_Assignment_:
Pictures do not belong in the copy; transcribe everything else in the records exactly.

--- Material for the task ---

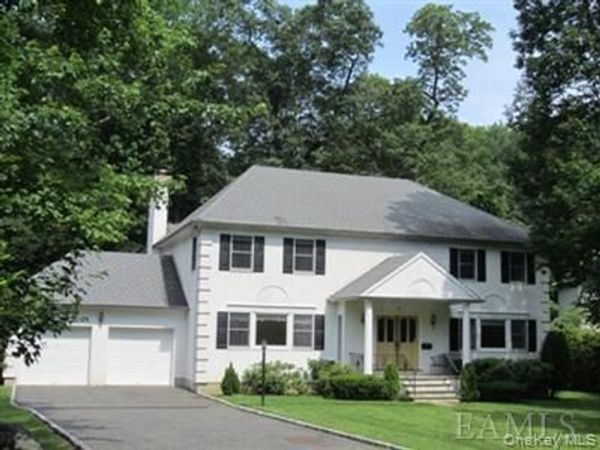6 Beechtree Drive , Larchmont, NY 10538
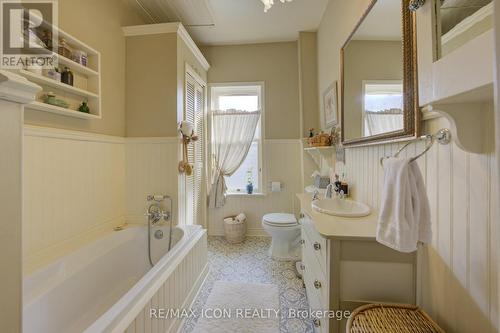 22 Harvey Street, Cambridge, ON - Indoor Photo Showing Bathroom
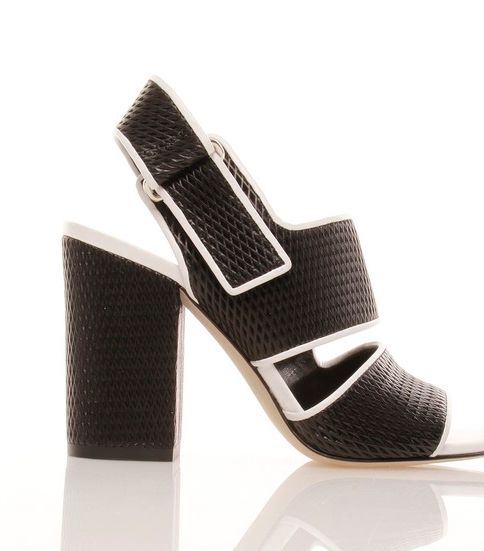 من متجر Level Shoe District، اختاري الأحذية بالكعب العريض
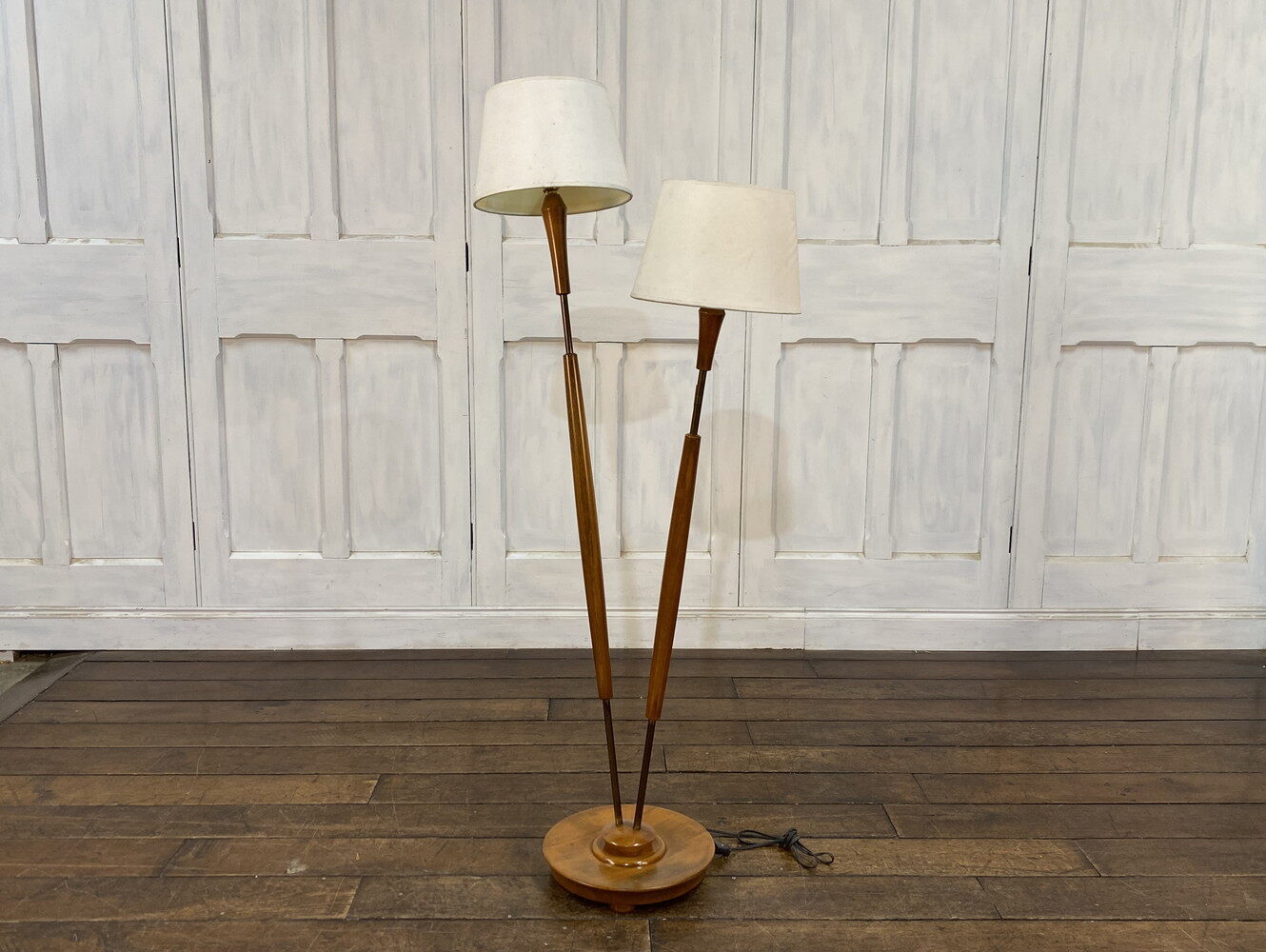 フロアスタンド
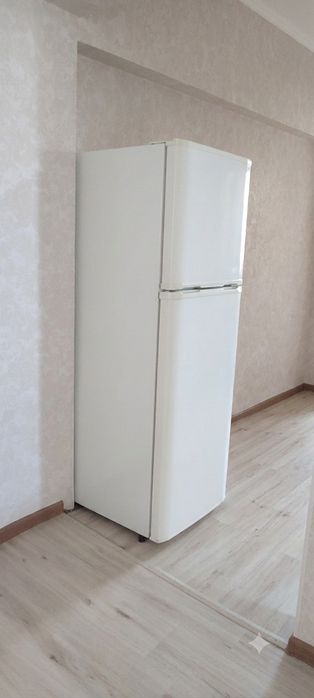 Отличный холодильник с самооттайкой (55×155 см) — В идеале!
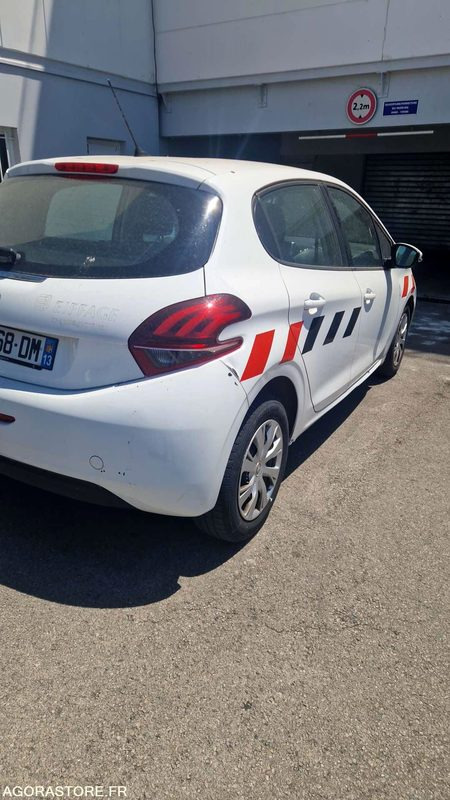PEUGEOT 208 - 2018 / 124925KM - Coche: foto 3 PEUGEOT 208 - 2018 / 124925KM - Coche: foto 3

---

_Answer for the task_:
6 Beechtree Drive , Larchmont, NY 10538
 22 Harvey Street, Cambridge, ON - Indoor Photo Showing Bathroom
 من متجر Level Shoe District، اختاري الأحذية بالكعب العريض
 フロアスタンド
 Отличный холодильник с самооттайкой (55×155 см) — В идеале!
PEUGEOT 208 - 2018 / 124925KM - Coche: foto 3 PEUGEOT 208 - 2018 / 124925KM - Coche: foto 3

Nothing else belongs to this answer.